Abstract
Robust and fast dynamic simulation tools are crucial for the sizing of the components of complex HVAC system and for the definition of the optimal control strategy. In this work, a first step towards the extension of OpenBPS, a new building energy performance simulation tool, to the dynamic simulation of HVAC systems is presented. In particular, the building model has been reduced to a Resistors-Capacitors (RC) network and OpenBPS has been used for the identification of the parameters of the grey-box model. Indeed, the reduction and identification of the building energy model is the fundamental step for extension of the tool to perform dynamic simulations of complex HVAC systems with the advantage of low computational load, thus suitable for parametric yearly simulations and control strategy analyses. The toolkit of identification and cross validation of a minimalist RC network is presented in this paper, discussing the results obtained for a case study building under study in the European project Heat4Cool founded by Horizon 2020 programme. The identified model demonstrated a good accuracy in the estimation of the room temperature under different tests settings representative of the actual operating conditions.
Highlights
In order to fight the climate change and pursuit energy efficiency, nowadays, the new installed HVAC systems are becoming more and more complex, using renewable energy sources and the flexibility from energy storages and the building fabrique [1]
Robust and fast dynamic simulation tool are crucial for the sizing of the components of the system and for the definition of the optimal control strategy of the whole energy system [2]
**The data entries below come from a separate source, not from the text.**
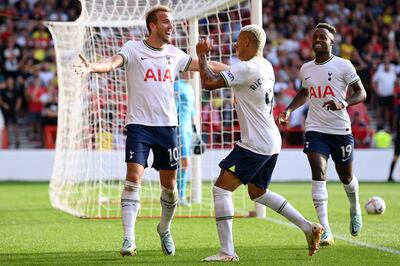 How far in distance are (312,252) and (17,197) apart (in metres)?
10.3

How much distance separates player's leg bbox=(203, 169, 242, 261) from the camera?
8039mm

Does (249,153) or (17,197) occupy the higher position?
(249,153)

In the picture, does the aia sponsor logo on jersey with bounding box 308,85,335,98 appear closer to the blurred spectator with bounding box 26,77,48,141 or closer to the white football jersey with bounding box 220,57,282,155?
the white football jersey with bounding box 220,57,282,155

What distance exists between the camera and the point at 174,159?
8656 mm

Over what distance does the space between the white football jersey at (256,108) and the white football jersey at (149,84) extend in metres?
0.77

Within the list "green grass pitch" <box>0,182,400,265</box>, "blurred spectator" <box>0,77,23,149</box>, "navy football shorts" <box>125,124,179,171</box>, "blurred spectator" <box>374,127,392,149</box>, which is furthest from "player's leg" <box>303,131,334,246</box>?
"blurred spectator" <box>0,77,23,149</box>

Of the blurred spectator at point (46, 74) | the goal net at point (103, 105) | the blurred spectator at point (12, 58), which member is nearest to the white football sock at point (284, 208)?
the goal net at point (103, 105)

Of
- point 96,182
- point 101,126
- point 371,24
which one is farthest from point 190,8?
point 371,24

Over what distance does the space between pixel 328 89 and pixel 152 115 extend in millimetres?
2189

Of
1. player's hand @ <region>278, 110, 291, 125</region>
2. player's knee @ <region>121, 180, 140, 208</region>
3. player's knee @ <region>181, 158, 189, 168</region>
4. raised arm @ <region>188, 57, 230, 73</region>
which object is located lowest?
player's knee @ <region>181, 158, 189, 168</region>

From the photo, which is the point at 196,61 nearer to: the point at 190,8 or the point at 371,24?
the point at 190,8

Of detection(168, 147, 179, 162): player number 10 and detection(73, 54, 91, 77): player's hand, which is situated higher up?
detection(73, 54, 91, 77): player's hand

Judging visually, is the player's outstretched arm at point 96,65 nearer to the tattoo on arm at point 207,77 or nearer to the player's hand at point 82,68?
the player's hand at point 82,68

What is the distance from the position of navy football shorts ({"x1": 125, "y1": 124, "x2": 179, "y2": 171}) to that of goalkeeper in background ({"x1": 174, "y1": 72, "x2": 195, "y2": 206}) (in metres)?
5.79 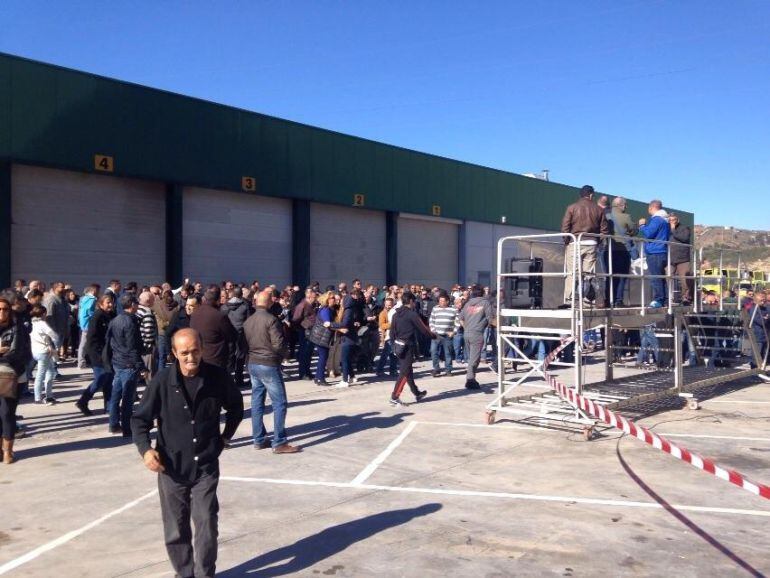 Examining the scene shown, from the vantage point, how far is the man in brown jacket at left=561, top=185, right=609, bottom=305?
9.87 meters

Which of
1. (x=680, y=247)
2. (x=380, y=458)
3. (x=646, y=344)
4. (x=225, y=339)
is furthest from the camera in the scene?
(x=646, y=344)

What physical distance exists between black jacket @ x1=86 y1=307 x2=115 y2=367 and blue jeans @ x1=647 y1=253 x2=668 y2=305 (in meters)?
8.74

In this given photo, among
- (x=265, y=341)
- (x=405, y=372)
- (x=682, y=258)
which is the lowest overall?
(x=405, y=372)

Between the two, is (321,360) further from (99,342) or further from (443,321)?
(99,342)

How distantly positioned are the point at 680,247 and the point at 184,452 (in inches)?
429

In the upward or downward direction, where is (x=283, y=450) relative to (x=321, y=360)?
downward

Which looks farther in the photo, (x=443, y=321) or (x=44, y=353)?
(x=443, y=321)

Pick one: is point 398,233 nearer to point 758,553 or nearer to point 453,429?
point 453,429

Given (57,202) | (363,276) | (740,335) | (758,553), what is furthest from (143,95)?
(758,553)

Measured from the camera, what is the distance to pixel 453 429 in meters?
9.95

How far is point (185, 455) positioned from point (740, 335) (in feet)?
41.5

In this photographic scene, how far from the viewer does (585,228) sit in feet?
33.0

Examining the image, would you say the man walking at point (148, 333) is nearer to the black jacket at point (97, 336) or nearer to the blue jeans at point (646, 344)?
the black jacket at point (97, 336)

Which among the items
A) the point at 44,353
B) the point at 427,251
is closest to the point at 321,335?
the point at 44,353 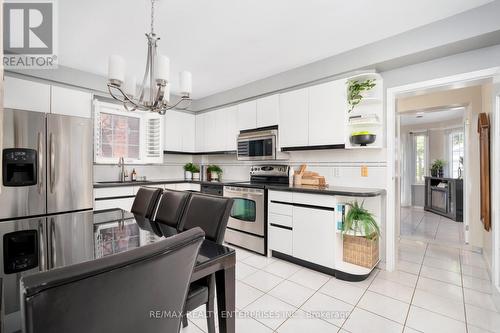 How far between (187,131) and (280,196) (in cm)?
261

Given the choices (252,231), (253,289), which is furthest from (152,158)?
(253,289)

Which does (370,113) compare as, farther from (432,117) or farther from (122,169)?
(432,117)

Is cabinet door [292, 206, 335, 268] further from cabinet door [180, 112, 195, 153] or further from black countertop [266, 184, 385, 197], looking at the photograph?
cabinet door [180, 112, 195, 153]

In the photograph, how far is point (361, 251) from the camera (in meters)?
2.47

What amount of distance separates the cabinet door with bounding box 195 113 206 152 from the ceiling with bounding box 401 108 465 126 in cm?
447

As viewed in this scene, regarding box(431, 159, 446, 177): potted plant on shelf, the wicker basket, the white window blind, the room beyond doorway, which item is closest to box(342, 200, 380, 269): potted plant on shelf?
the wicker basket

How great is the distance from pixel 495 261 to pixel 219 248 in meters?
2.27

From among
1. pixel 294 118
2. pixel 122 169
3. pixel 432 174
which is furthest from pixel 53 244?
pixel 432 174

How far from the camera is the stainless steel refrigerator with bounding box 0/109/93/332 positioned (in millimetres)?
1697

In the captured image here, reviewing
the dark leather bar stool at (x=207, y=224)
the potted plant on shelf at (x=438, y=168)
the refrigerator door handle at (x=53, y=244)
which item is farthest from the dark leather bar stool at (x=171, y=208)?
the potted plant on shelf at (x=438, y=168)

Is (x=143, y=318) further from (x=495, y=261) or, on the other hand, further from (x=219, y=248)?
(x=495, y=261)

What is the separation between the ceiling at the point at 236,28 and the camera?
198cm

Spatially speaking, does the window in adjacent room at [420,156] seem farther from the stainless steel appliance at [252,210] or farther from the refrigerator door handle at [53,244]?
the refrigerator door handle at [53,244]

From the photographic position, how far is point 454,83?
7.61 ft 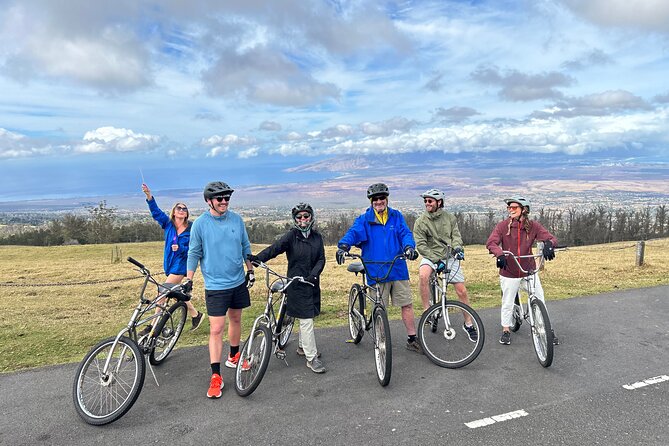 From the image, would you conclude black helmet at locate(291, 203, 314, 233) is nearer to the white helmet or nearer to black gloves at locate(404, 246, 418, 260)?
black gloves at locate(404, 246, 418, 260)

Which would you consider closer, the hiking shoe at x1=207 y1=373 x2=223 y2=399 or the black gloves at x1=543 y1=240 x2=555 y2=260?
the hiking shoe at x1=207 y1=373 x2=223 y2=399

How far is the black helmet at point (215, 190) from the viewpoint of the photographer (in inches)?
193

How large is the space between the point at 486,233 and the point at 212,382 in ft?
273

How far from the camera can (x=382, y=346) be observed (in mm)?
5039

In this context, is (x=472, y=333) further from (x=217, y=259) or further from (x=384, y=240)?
(x=217, y=259)

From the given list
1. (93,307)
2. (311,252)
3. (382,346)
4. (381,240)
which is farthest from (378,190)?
(93,307)

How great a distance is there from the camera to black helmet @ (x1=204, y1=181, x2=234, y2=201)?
4.89 m

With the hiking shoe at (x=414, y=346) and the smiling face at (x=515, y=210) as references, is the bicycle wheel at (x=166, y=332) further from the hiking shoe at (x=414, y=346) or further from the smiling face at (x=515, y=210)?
the smiling face at (x=515, y=210)

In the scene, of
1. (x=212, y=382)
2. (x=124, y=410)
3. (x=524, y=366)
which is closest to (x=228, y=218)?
(x=212, y=382)

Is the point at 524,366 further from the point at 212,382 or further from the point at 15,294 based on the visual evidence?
the point at 15,294

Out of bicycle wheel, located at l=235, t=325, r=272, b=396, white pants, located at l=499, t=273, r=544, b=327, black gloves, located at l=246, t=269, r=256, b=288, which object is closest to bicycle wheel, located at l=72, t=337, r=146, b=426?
bicycle wheel, located at l=235, t=325, r=272, b=396

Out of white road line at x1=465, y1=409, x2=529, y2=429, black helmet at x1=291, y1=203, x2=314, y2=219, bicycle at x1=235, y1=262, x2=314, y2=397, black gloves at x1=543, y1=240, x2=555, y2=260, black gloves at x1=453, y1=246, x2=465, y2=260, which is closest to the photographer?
white road line at x1=465, y1=409, x2=529, y2=429

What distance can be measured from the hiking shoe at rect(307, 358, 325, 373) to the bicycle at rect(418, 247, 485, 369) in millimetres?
1374

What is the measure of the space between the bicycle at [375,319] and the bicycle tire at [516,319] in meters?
2.44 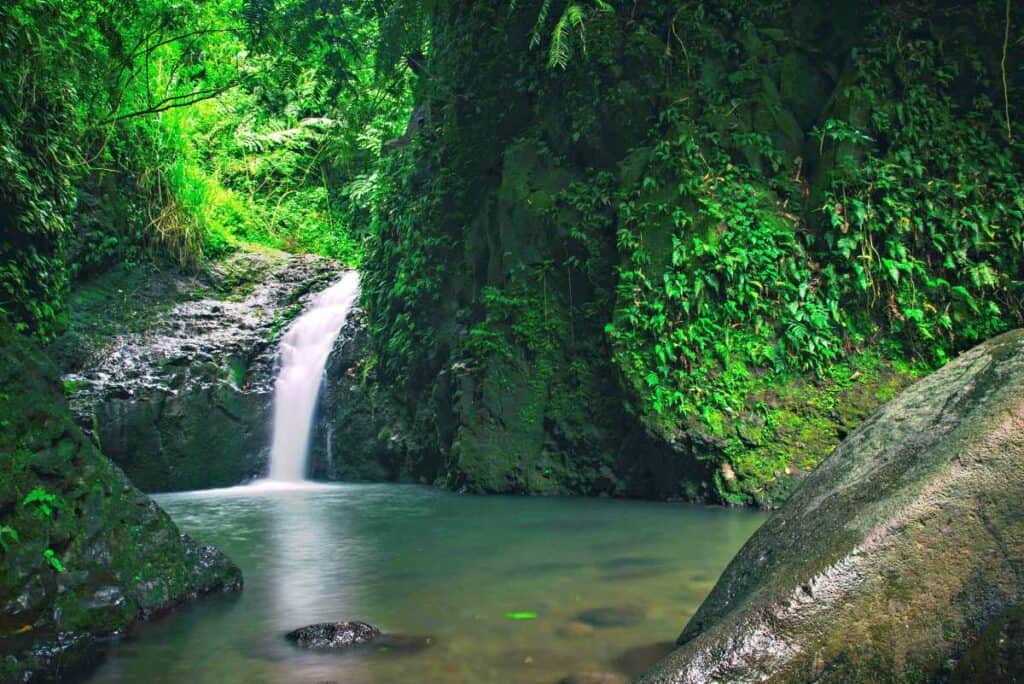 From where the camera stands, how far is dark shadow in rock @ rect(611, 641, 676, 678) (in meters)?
3.39

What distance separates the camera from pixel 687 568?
5.24 metres

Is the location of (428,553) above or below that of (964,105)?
below

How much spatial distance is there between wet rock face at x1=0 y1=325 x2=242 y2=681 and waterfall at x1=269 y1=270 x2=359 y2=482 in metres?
Result: 6.20

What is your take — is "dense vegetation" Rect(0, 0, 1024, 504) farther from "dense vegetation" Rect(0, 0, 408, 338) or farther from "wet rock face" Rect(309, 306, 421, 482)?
"wet rock face" Rect(309, 306, 421, 482)

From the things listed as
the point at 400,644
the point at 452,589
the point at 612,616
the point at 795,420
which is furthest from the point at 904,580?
the point at 795,420

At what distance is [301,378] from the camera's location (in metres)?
11.5

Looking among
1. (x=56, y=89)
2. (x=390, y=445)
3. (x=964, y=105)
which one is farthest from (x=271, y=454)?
(x=964, y=105)

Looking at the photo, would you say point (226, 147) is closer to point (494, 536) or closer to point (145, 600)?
point (494, 536)

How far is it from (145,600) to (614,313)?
541 centimetres

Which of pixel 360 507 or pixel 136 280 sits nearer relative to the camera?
pixel 360 507

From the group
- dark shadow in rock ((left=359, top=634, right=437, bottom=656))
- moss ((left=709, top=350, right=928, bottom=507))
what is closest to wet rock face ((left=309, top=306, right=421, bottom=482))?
moss ((left=709, top=350, right=928, bottom=507))

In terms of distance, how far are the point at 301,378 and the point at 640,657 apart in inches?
344

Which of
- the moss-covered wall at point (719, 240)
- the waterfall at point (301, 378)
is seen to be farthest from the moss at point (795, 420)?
the waterfall at point (301, 378)

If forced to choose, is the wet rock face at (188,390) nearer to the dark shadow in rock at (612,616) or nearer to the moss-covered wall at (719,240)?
the moss-covered wall at (719,240) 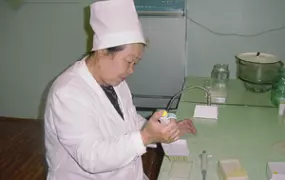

The case study building has been reduced to a RC-network and its parameters have been obtained training the linearized model with the results of the detailed building simulation in OpenBPS
Summary
In order to fight the climate change and pursuit energy efficiency, nowadays, the new installed HVAC systems are becoming more and more complex, using renewable energy sources and the flexibility from energy storages and the building fabrique [1]. For this reason, robust and fast dynamic simulation tool are crucial for the sizing of the components of the system and for the definition of the optimal control strategy of the whole energy system [2]. Building energy simulations tools can be accurate but in most cases have some drawbacks: I) computationally intensive (not suitable for previous points b, c, d); II) lack of integration with the mechanical system modelling and simulation tools which consider: components thermal capacity, partial load behaviour, innovative energy systems (e.g. ad/absorption systems, solar thermal systems, heat pumps, PCM storages); III) advanced control strategy (coupling plant and building thermal capacities)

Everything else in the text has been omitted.